Your objective:
Make an exact copy of all the data, pictures excluded.

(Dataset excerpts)
++++++++

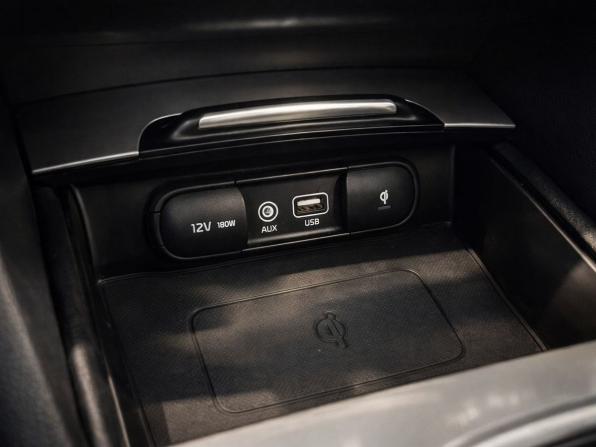 Kia Optima IV Рестайлинг с пробегом 2018 года, цена 2 015 000 рублей, 152000 км, седан, Автокод Объявления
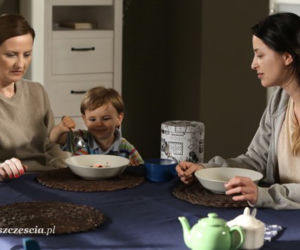 Barwy szczęścia. Weronika (Kalina Hlimi-Pawlukiewicz), Maria Pyrka (Izabela Kuna)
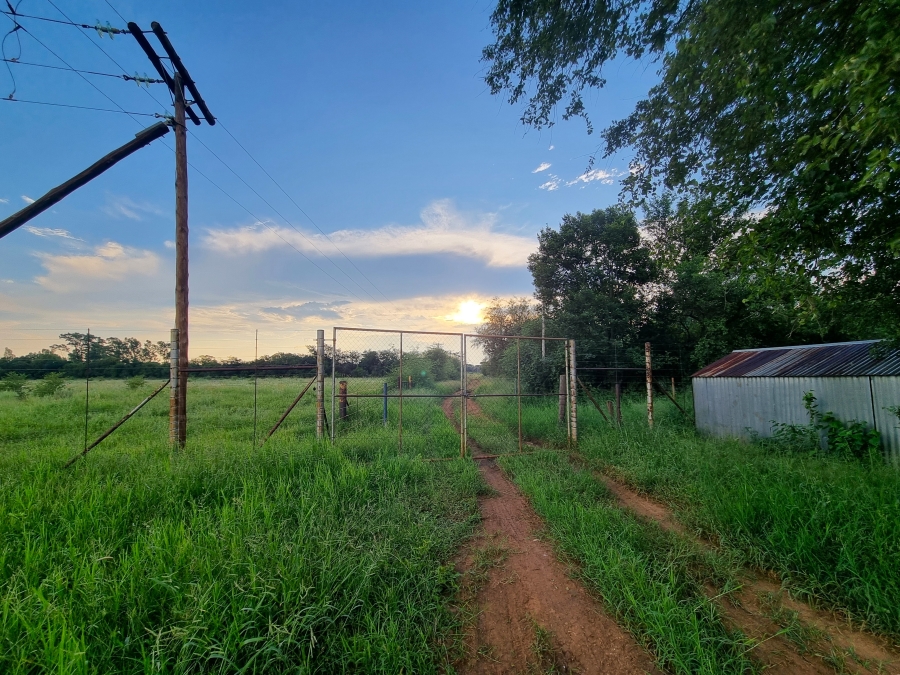 Commercial Property for Sale in Schylock A H North West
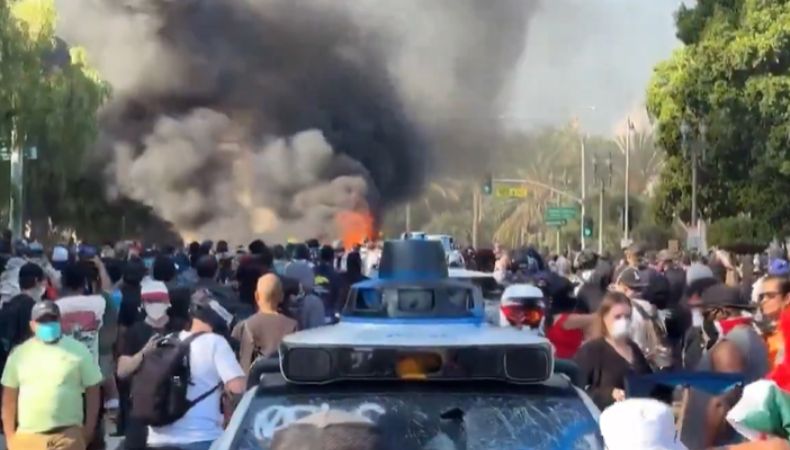 El gobernador de California rechazó el envío de los marines a Los Ángeles para combatir las protestas en contra de redadas y arrestos.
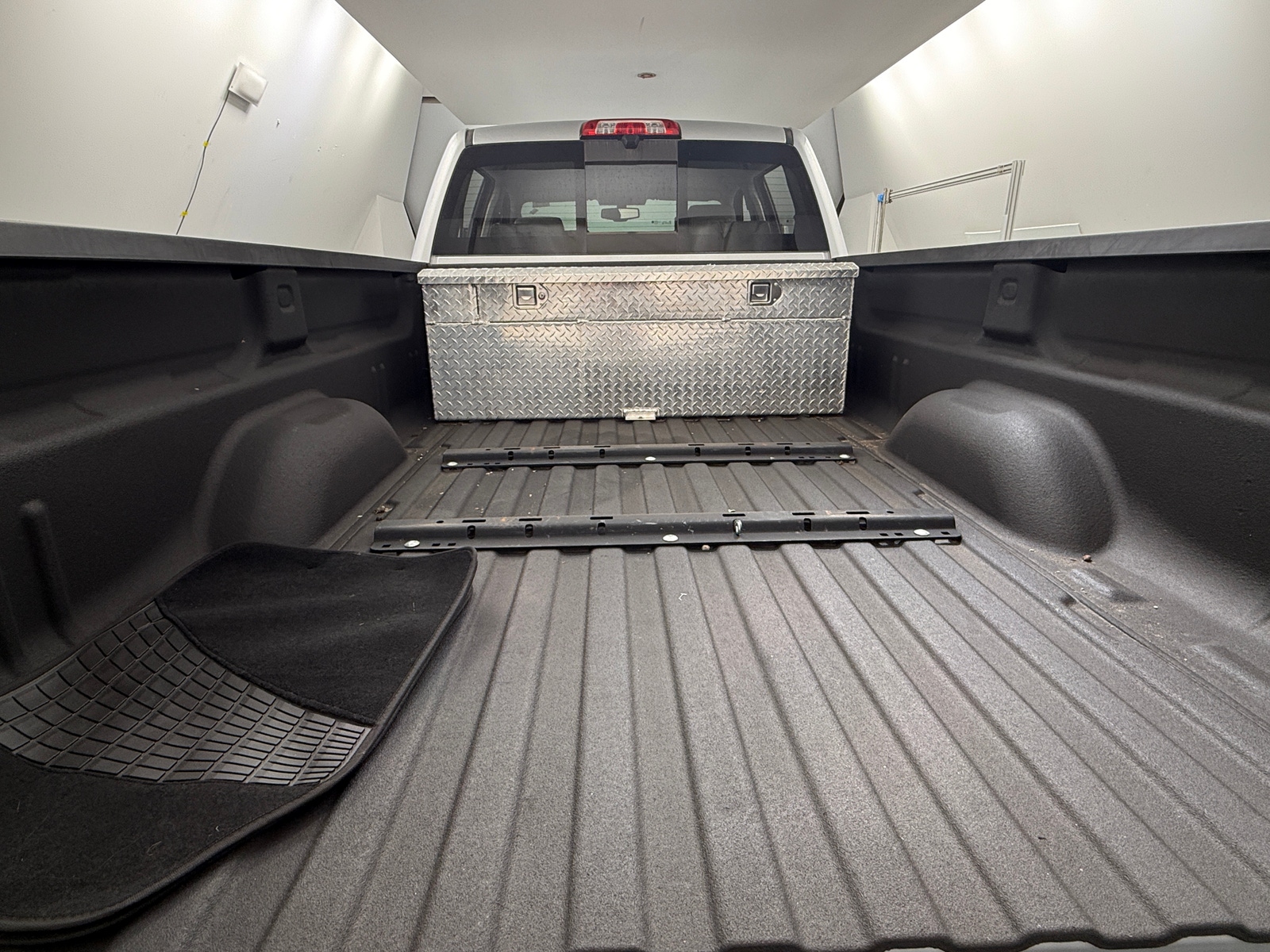 Thumbnail: 2018 Chevrolet Silverado 3500 - 6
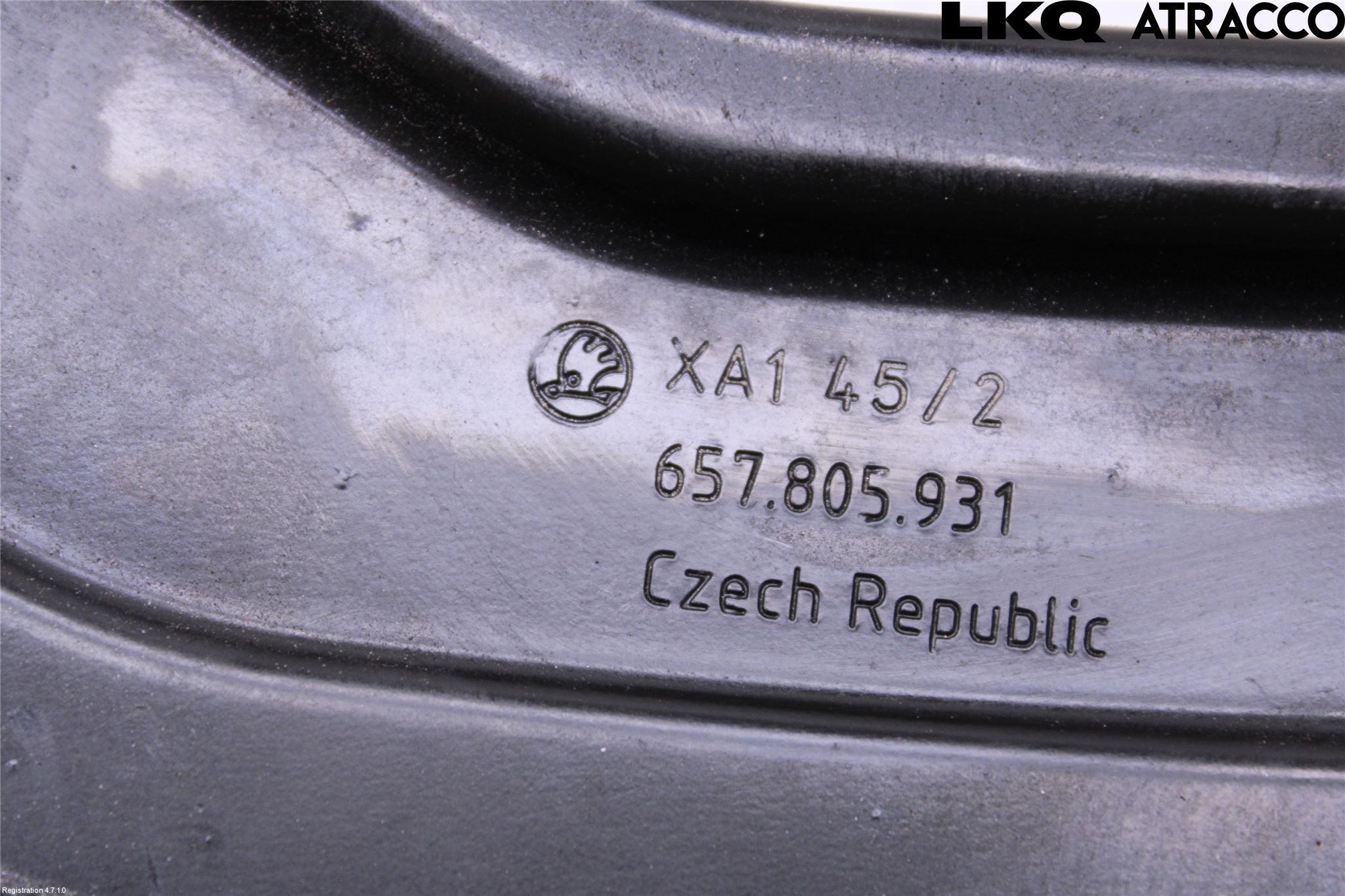 Skoda SCALA 19- Frontlykt Holder-Feste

++++++++

Task solution:
 Kia Optima IV Рестайлинг с пробегом 2018 года, цена 2 015 000 рублей, 152000 км, седан, Автокод Объявления
 Barwy szczęścia. Weronika (Kalina Hlimi-Pawlukiewicz), Maria Pyrka (Izabela Kuna)
 Commercial Property for Sale in Schylock A H North West
 El gobernador de California rechazó el envío de los marines a Los Ángeles para combatir las protestas en contra de redadas y arrestos.
 Thumbnail: 2018 Chevrolet Silverado 3500 - 6
 Skoda SCALA 19- Frontlykt Holder-Feste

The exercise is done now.